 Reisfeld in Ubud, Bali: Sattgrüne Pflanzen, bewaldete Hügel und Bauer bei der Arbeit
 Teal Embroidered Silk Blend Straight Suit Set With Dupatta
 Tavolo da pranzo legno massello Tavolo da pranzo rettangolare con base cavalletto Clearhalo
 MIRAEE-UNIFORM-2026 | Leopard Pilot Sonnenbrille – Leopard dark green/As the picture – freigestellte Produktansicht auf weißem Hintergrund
--
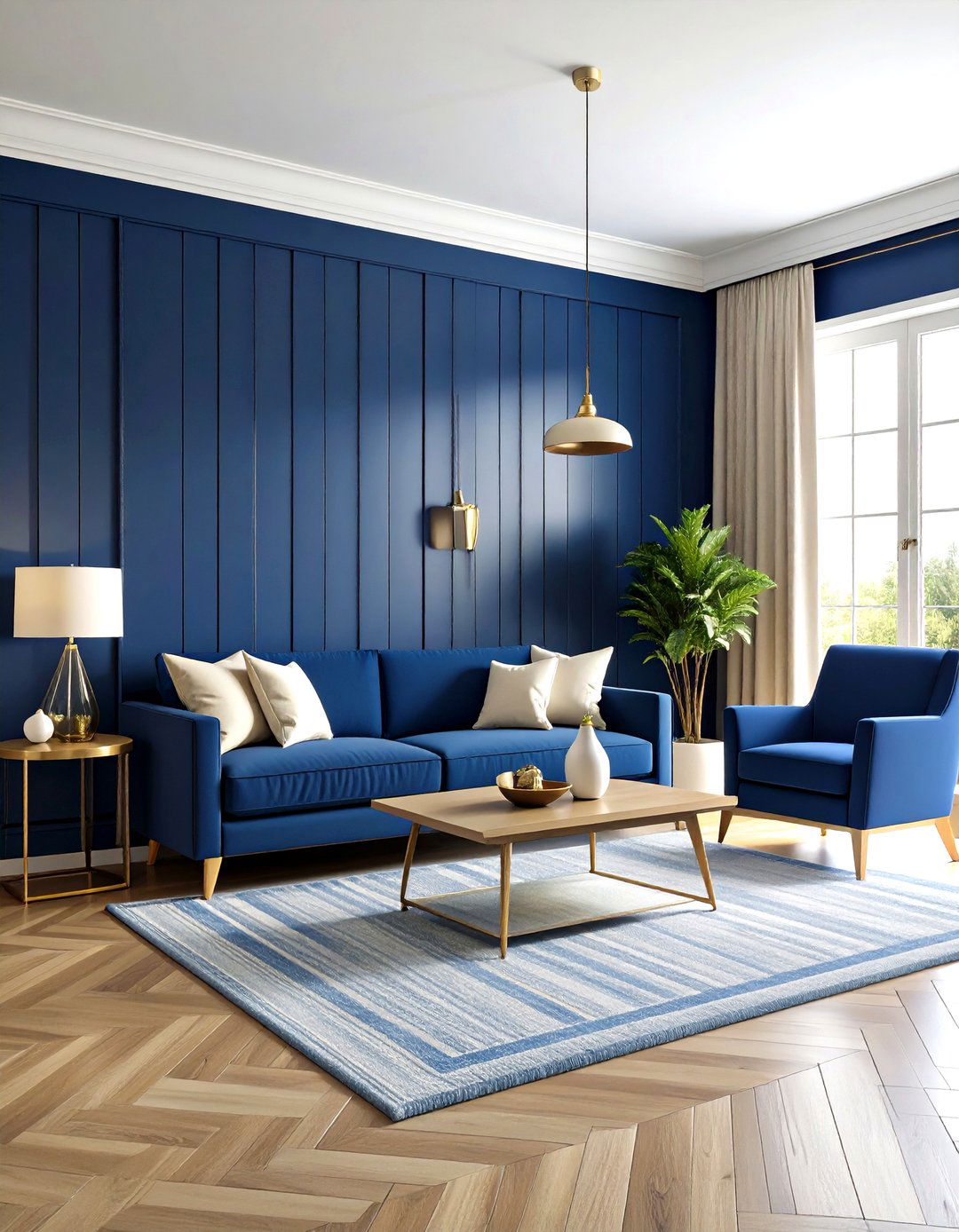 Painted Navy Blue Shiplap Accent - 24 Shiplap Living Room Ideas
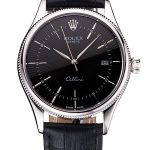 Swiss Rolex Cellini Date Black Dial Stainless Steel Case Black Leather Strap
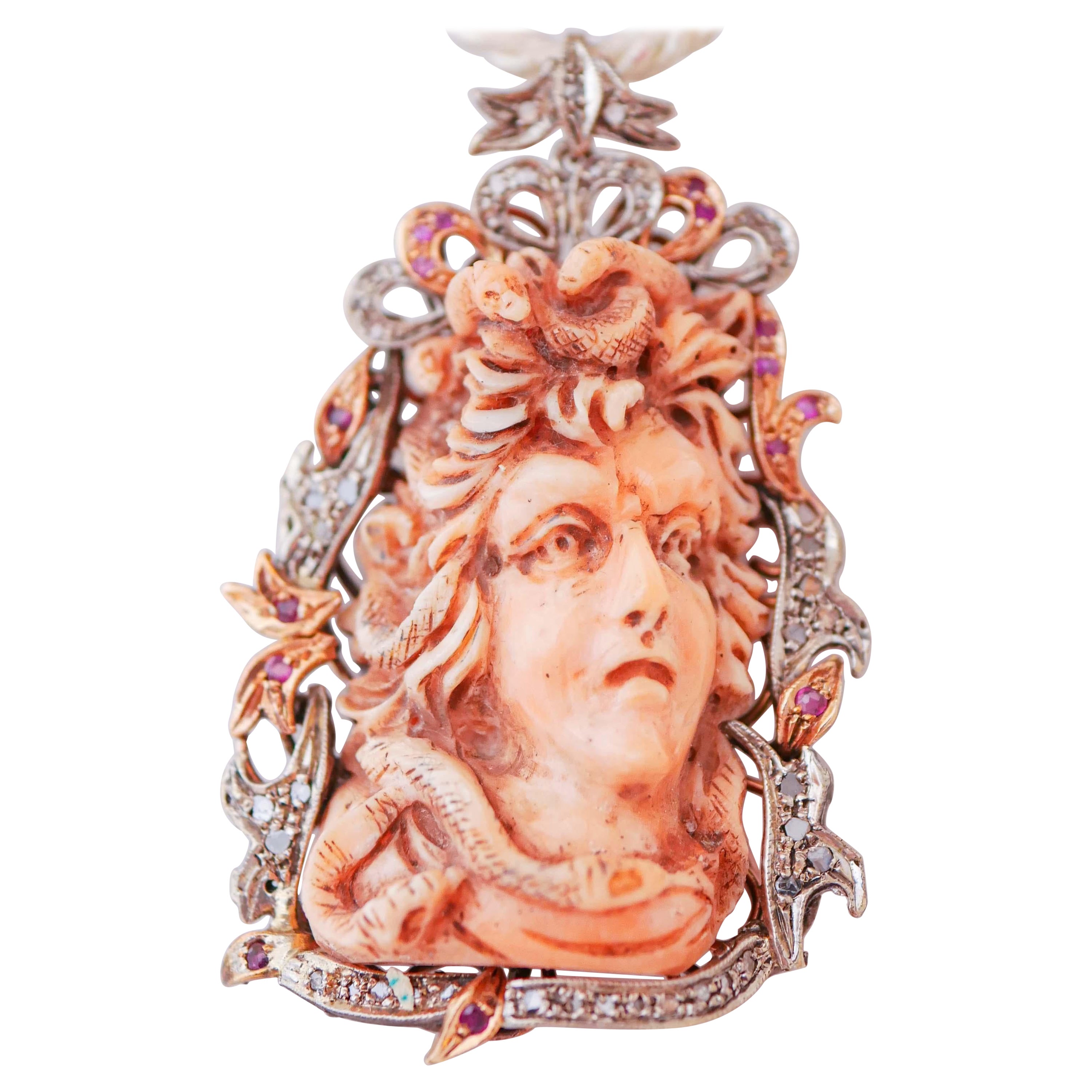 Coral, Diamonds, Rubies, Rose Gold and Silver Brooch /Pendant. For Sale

• WHAT YOU SHOULD DO: Keeping every character as it is, restate the lines above that run from the line with "Teal Embroidered Silk" through the line with "MIRAEE-UNIFORM-2026 | Leopard", both included, and nothing else.

• OUTPUT FOR THIS TASK:
 Teal Embroidered Silk Blend Straight Suit Set With Dupatta
 Tavolo da pranzo legno massello Tavolo da pranzo rettangolare con base cavalletto Clearhalo
 MIRAEE-UNIFORM-2026 | Leopard Pilot Sonnenbrille – Leopard dark green/As the picture – freigestellte Produktansicht auf weißem Hintergrund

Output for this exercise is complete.